Quand le formateur se défile !

Quand le formateur se défile !

Que nous le voulions ou non, le digital a changé et doit changer les relations pédagogiques entre le formateur, l'enseignant et ses stagiaires-élèves.

Le modèle traditionnaliste de l'enseignant qui possède le savoir et qui le transmets aux apprenants est nécessairement révolu par l'existence de cette "infobésité" de ressources, de cours, d'exercices et ses corrigés, de ces plateformes gratuites qui distribuent du savoir, de la connaissance en masse... Ajouter à cela les MOOC qui permettent à des non-sachants de co-construire du savoir, et vous comprenez vite que le formateur doit s'adapter ou disparaitre.

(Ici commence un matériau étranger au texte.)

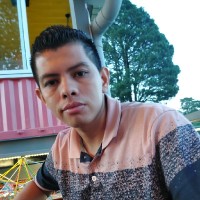 Boris Alberto Martinez Sanchez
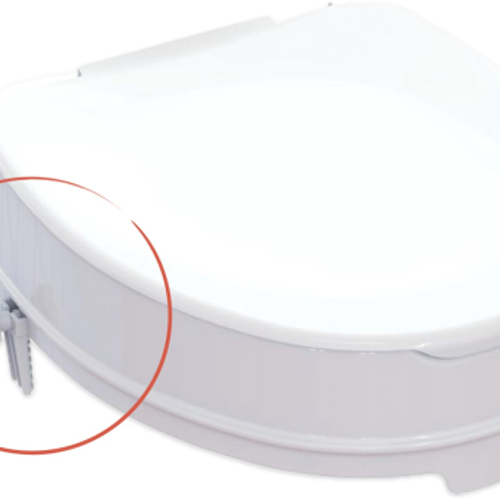 Emo recambio ganchos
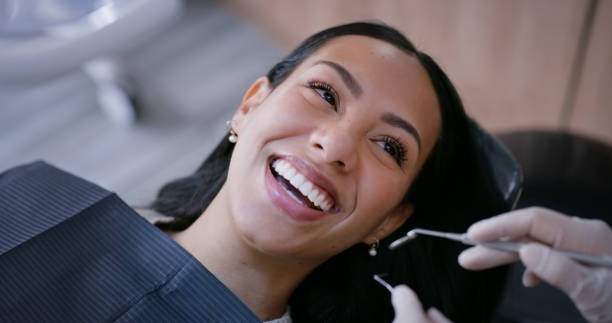 Best Wisdom Tooth Removal  in Grapeland, TX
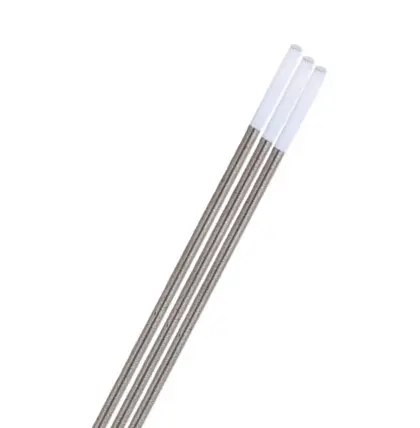 Wolfram Hvit WZ8 (2,4mm) 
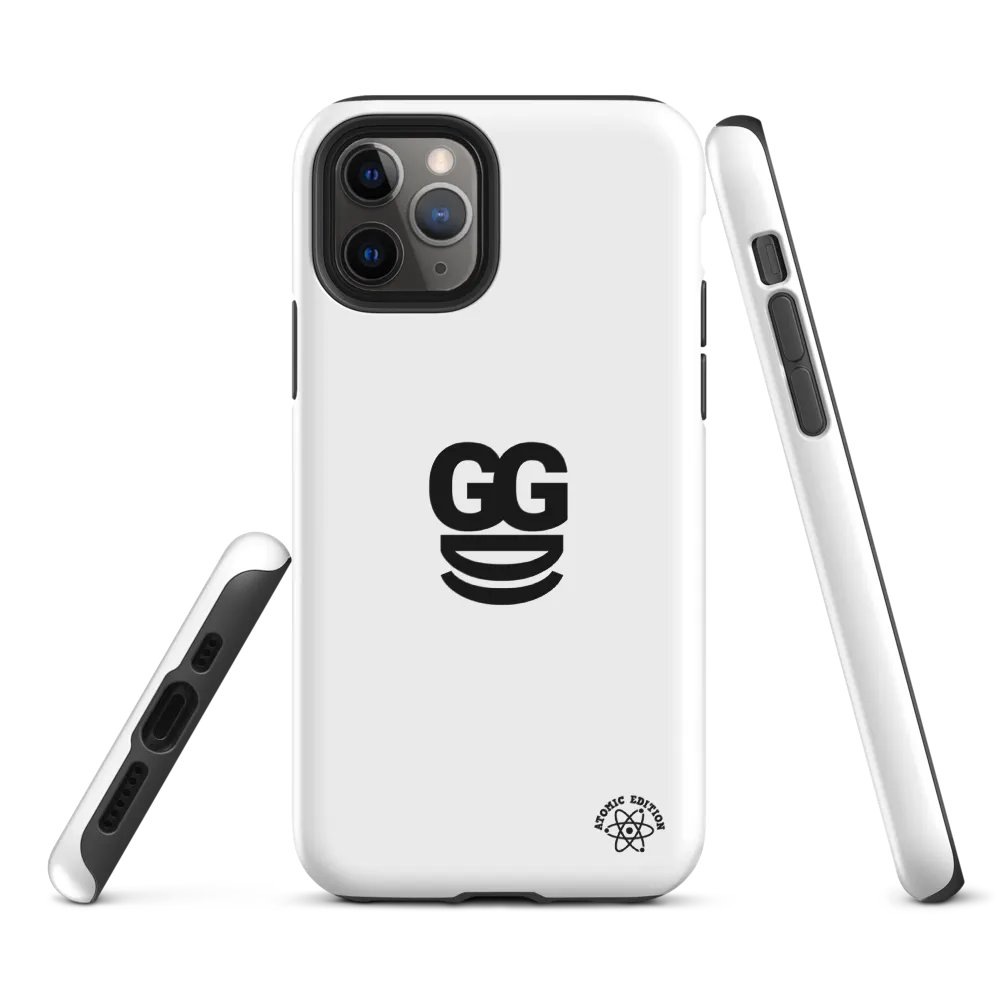 Atomic Edition - iPhone Case product image (1)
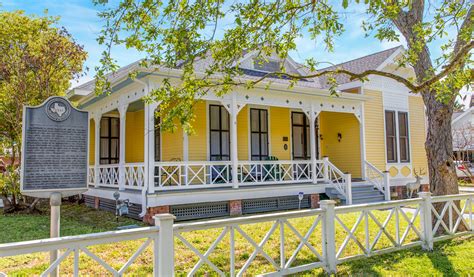 47th Annual Galveston Historic Homes Tour Oeufetboeuf
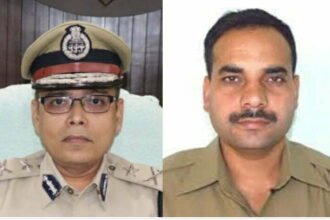 दुर्ग रेंज के आईजी बदले…. ओपी पाल होंगे नए आईजी… विवेकानंद सिन्हा को मिली नक्सल आपरेशन की जिम्मेदारी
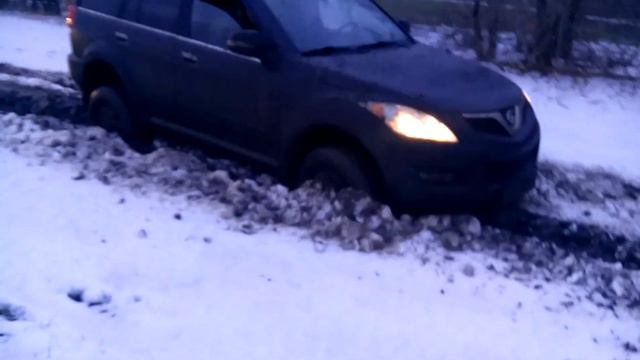 Застрял наш спаситель - Телек смотреть онлайн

Aussi, de manière très prospective, le comportement du formateur change et les tendances qui en ressortent font craindre pour ce métier. 

 

L'externalisation du savoir remplace l'expertise

 

Tous les métiers évoluent au gré des évolutions sociétales et technologiques. Certaines compétences disparaissent naturellement, d'autres émergent. Prenons l'exemple de la gestion des stocks et des commandes en magasin. Tout étant automatisé, les logiciels de caisse incrémentent automatiquement le logiciel de commande, qui, lui-même, va passer les bonnes commandes au bon fournisseur, au bon moment. La compétence disparait au fur et à mesure du métier, donc de la formation. 

Déjà, cette tendance se ressent chez certains nouveaux formateurs. Puisqu'une plateforme de formation fournit les bonnes ressources actualisées, quid de l'expertise du formateur ? 

Faudra-t-il uniquement recruter des gestionnaires de parcours ? Des coordonateurs pédagogiques ? A-t-on encore besoin d'un enseignant sachant quand le savoir est "hypertextisé" ?

Cette tendance remet en exergue les fameux et non-résolus débats sur l'autoformation où l'on pensait pouvoir se passer du formateur. Par facilité ou par manque de clarté, l'autoformation a souvent été confondue avec l'autodidaxie. Dans l'autodidaxie, l'apprenant est libre de son apprentissage à tous niveaux : le choix même de l'apprentissage, du contenu, de la méthode, de la ressource, de l'évaluation... bref, il apprend totalement seul. 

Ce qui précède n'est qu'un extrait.